# [unSOLVED] cups v4.x + hp1012

## radek-s

Witam.

Mam drukarke HP LaserJet 1012.

Od momentu update'a cups'a do 4.x z drukarką są same problemy.

Od początku - instaluję cups'a, dla pewności uruchamiam ponownie komputer.

Wchodzę na stronę administracyjną http://127.0.0.1:631/printers/

Wybieram administracja>wyszukiwanie nowej drukarki - znaleziono HP LaserJet 1012 (HP LaserJet 1012 USB 00CNFD157101 HPLIP), "wybieram dodaj tę drukarkę", wybieram właściwy sterownik i drukarka jest dodana.

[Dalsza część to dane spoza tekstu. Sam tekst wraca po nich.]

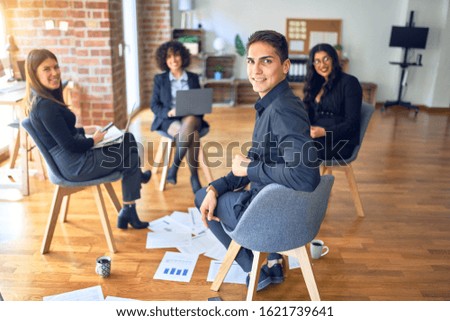 Group of business workers smiling happy and confident. Sitting on chairs relaxed with smile on face. Working together reading documents and speaking at the office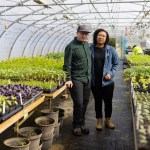 Two people stand for a portrait on their farm.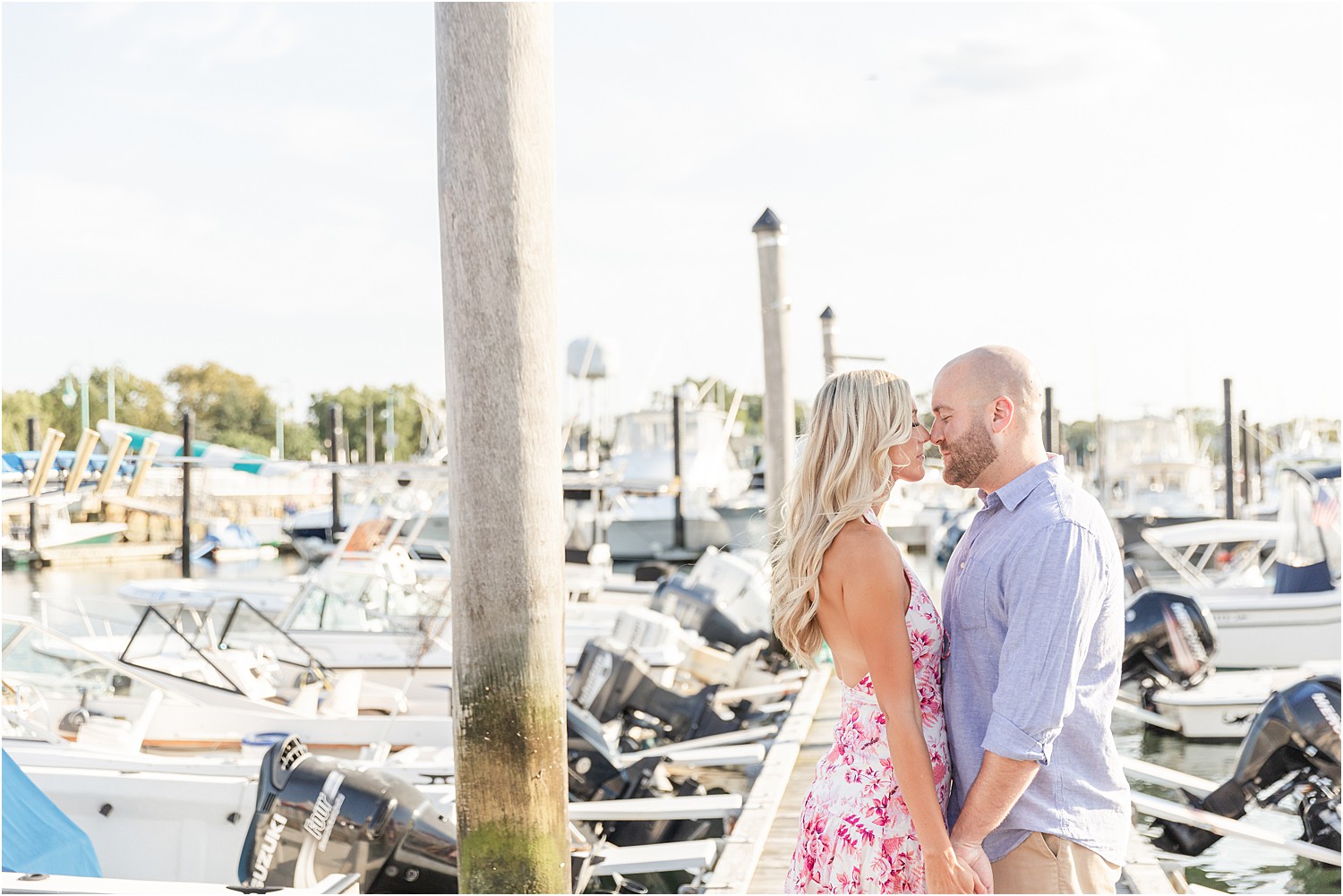 Engaged couple kiss at marina with boats in background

Wydaje sie że jest wszystko w porządku.

Otwieram w oo dokument, drukuje - wydrukowało się. Zadowolony chcę powtórzyć drukowanie - i tutaj zaczynają się kłopoty, drukarka nic nie drukuje.

Wchodzę na stronę administracyjną  http://127.0.0.1:631/printers/, wybieram administracja>zarządzanie drukarkami i dostaje:

HP_LaserJet_1012_USB_00CNFD157101_HPLIP	HP LaserJet 1012	Lokalna drukarka	HP LaserJet 1012, hpcups 3.9.12	Wstrzymana - "ready to print"

Co powoduje, że drukarka została wstrzymana?Last edited by radek-s on Sun Jan 10, 2010 1:46 am; edited 1 time in total

----------

## dylon

 *radek-s wrote:*   

> 
> 
> Co powoduje, że drukarka została wstrzymana?

 

Pewnie cups w wersji 1.4.x  :Razz: 

Mnoswo ludzi ma problemy uzywajac tej wersji z drukarkami na usb.

Ja dalem sobie spokoj i zostalem przy 1.3.x...

----------

## SlashBeast

wrzuc hplip i zmien sterownik na ten dostarczany z hplip a nie z cupsa.

----------

## radek-s

hplip mam.

gdzie znajduje sie sterownik od hplip?

----------

## radek-s

Przeglądając różne fora, doszedłem do wniosku że trwałe usunięcie problemu jest niemożliwe. W związku z tym jedyną metodą na sprawne działanie jest powrót do cups v3.x

Opisany bug wiele razy został już zgłoszony...

----------

## SlashBeast

raczej v1.3 a nie v3.

----------